NAS Associate Director, Associate Professor of Native American Studies

Beverly SingerBeverly Singer, Ph.D.
(Santa Clara Pueblo/Diné)

Associate Professor of Anthropology and Native American Studies

Lloyd LeeLloyd Lee, Ph.D., (Diné)
Assistant Professor of Native American Studies

Robin Minthorn, Ph.D.
(Kiowa Tribe of Oklahoma)

Assistant Professor, Educational Leadership and Native
American Studies

Greg Cajete, Ph.D., (Santa Clara Pueblo), NAS Chair, Associate Professor Education

Gregory Cajete, Native American educator whose work is dedicated to honoring the foundations of indigenous knowledge in education. Dr. Cajete is a Tewa Indian from Santa Clara Pueblo, New Mexico. He has served as a New Mexico Humanities scholar in ethno botany of Northern New Mexico and as a member of the New Mexico Arts Commission. In addition, he has lectured at colleges and universities in the U.S. , Canada, Mexico, New Zealand, England, Italy, Japan and Russia.

He worked at the Institute of American Indian Arts in Santa Fe, New Mexico for 21 years. While at the Institute, he served as Dean of the Center for Research and Cultural Exchange, Chair of Native American Studies and Professor of  ethno science. He organized and directed the First and Second Annual National Native American Very Special Arts Festival held in respectively in Santa Fe, NM in 1991and Albuquerque, NM in 1992.  In 1995, he was offered a position in American Indian education in the University of New Mexico, College of Education

Currently, he is Director of Native American Studies and an Associate Professor in the Division of Language, Literacy and Socio cultural Studies in the College of Education at the University of New Mexico. Dr. Cajete earned his Bachelor of Arts degree from New Mexico Highlands University with majors in both Biology and Sociology and a minor in Secondary Education. He received his Masters of Arts degree from the University of New Mexico in Adult and Secondary Education. He received his Ph.D. from International College – Los Angeles New Philosophy Program in Social Science Education with an emphasis in Native American Studies. 

Dr. Cajete has received several fellowships and academic distinctions, including the American Indian Graduate Fellowship from the US-DOE Office of Indian Education (1977-78); the D’arcy McNickle Fellowship in American Indian History from the Newberry Library, Chicago, IL (1984-85); and the Katrin Lamon Fellowship in American Indian Art and Education (1985-1986) from the School of American Research in Santa Fe, NM. 

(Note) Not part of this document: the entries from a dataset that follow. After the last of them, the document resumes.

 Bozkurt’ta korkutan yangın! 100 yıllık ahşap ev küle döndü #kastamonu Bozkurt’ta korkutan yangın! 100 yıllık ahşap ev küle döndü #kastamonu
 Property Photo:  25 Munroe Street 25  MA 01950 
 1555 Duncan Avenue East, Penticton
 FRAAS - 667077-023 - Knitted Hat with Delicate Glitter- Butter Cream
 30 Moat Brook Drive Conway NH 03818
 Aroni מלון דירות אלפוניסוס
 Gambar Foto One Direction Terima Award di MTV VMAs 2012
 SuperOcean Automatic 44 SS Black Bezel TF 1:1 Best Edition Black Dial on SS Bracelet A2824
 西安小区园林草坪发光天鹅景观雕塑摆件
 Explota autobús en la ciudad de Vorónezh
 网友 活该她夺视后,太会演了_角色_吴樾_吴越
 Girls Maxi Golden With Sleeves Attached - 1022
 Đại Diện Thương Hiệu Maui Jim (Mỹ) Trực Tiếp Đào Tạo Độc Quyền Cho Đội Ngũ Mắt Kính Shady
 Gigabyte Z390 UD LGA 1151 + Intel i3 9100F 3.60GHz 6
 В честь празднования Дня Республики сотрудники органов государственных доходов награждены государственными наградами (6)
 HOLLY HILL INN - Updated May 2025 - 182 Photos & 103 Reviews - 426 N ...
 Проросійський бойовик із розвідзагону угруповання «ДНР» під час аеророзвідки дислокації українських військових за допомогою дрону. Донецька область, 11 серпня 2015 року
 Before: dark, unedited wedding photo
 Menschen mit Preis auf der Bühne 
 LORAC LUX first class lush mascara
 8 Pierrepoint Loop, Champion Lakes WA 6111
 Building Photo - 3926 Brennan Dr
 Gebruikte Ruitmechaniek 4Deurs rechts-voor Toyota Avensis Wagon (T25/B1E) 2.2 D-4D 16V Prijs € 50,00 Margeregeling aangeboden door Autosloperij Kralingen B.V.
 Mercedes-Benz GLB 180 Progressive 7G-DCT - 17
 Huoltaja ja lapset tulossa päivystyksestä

Dr. Cajete also designs culturally-responsive curricula geared to the special needs and learning styles of Native American students. These curricula are based upon Native American understanding of the “nature of nature’ and utilizes this foundation to develop an understanding of the science and artistic thought process as expressed in Indigenous  perspectives of the natural world.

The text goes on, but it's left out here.